Neck not hollding the 300rum bullets

I annealed a couple of them to the point where they were so soft the case necks crushed when I seated a bullet in them. I figured they were springing back after I initially annealed them. Nope wasn’t the issue. I’m guessing that the neck wall thickness is too thin from several firings and full length sizings.
 
Measure a loaded round minus .308” then divide by 2 should give you the neck thickness.
 
Thanks it’s been a few years since it happened, but I’m pretty sure I did that and it was pretty thin versus a brand new case.
 
I annealed a couple of them to the point where they were so soft the case necks crushed when I seated a bullet in them. I figured they were springing back after I initially annealed them. Nope wasn’t the issue. I’m guessing that the neck wall thickness is too thin from several firings and full length sizings.

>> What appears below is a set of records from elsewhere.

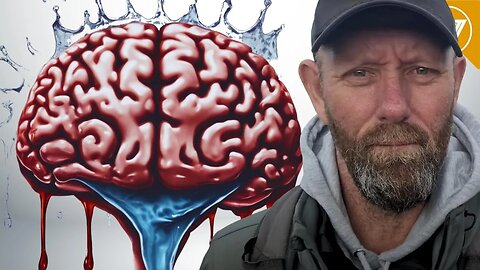 How Likely is Alcoholic Wet Brain For Drinkers? Pay Attention If You Drink Alcohol!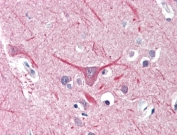 IHC testing of FFPE human brain (cortex) tissue with UBR2 antibody at 5ug/ml. HIER: steamed antigen retrieval with pH6 citrate buffer; AP-staining.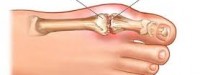 داروهای موثر بر نقرس در طب سنتی ایرانی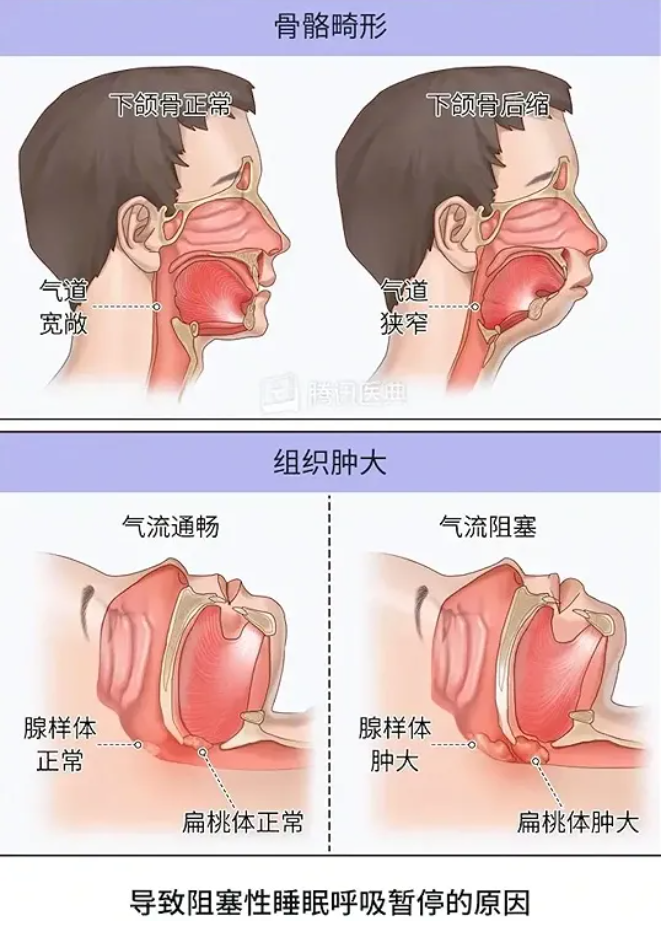 海迪生：听说肥大的腺样体会萎缩，能等吗？扁桃体呢？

You need to clean the sticky tarnish off the case from the annealing. I tumble in corncob.
 
I pin tumbled them. It works better than corn cob media. They’re polished inside and out and even in the primer holes. Made zero difference. The brass necks imo have stretched so many times that they are too thin and are not getting sized down.
 
From all that has been shared, we know that you are not getting enough neck tension. When I load I want a minimum of .002" - .003" neck tension, some like .004". What are your actual mic'd neck measurements, fired, FL or neck sized, and loaded?
 
I’ll have to pull some of those out and try and full length size them like it’s a fired piece of brass and then try and load a bullet in them and measure and report back. I think I ran into those casings the other day. I think there’s only 7 to 12 of them left. I can remember when I go to seat a projectile I can feel it seat with force. Once the bullet is seated there is zero spring back for neck tension to hold a bullet in place. It’s basically once the bullet is seated in place it expands the neck and there is zero spring back on the neck tension. Like I said, I’ve had it with random 243 cases that have been shot dozens of times and probably should’ve been discarded way before the fact but I’ve never had it with 300 rum brass all in a row like I did a few seasons ago loading for it. It was a brass I had laying around since 99 or 2000 that had been shot probably a half dozen times or ALOT more. And I believe I posted above that RCBS sent me another expander ball to try and it made zero difference.
 
When it comes to neck tension, it should not make a difference if a case is just neck sized or FL sized as long as both dies size the necks the same. I'm guessing that if it is that old of brass, when you're sizing it the brass it is not staying to the proper size and is springing back some. I don't believe that there is any issue with the dies as long as you have them properly adjusted. My only suggestion is to properly anneal your cases and then size. That should soften the necks again and reduce the spring back, which is due to trying to size hard brass.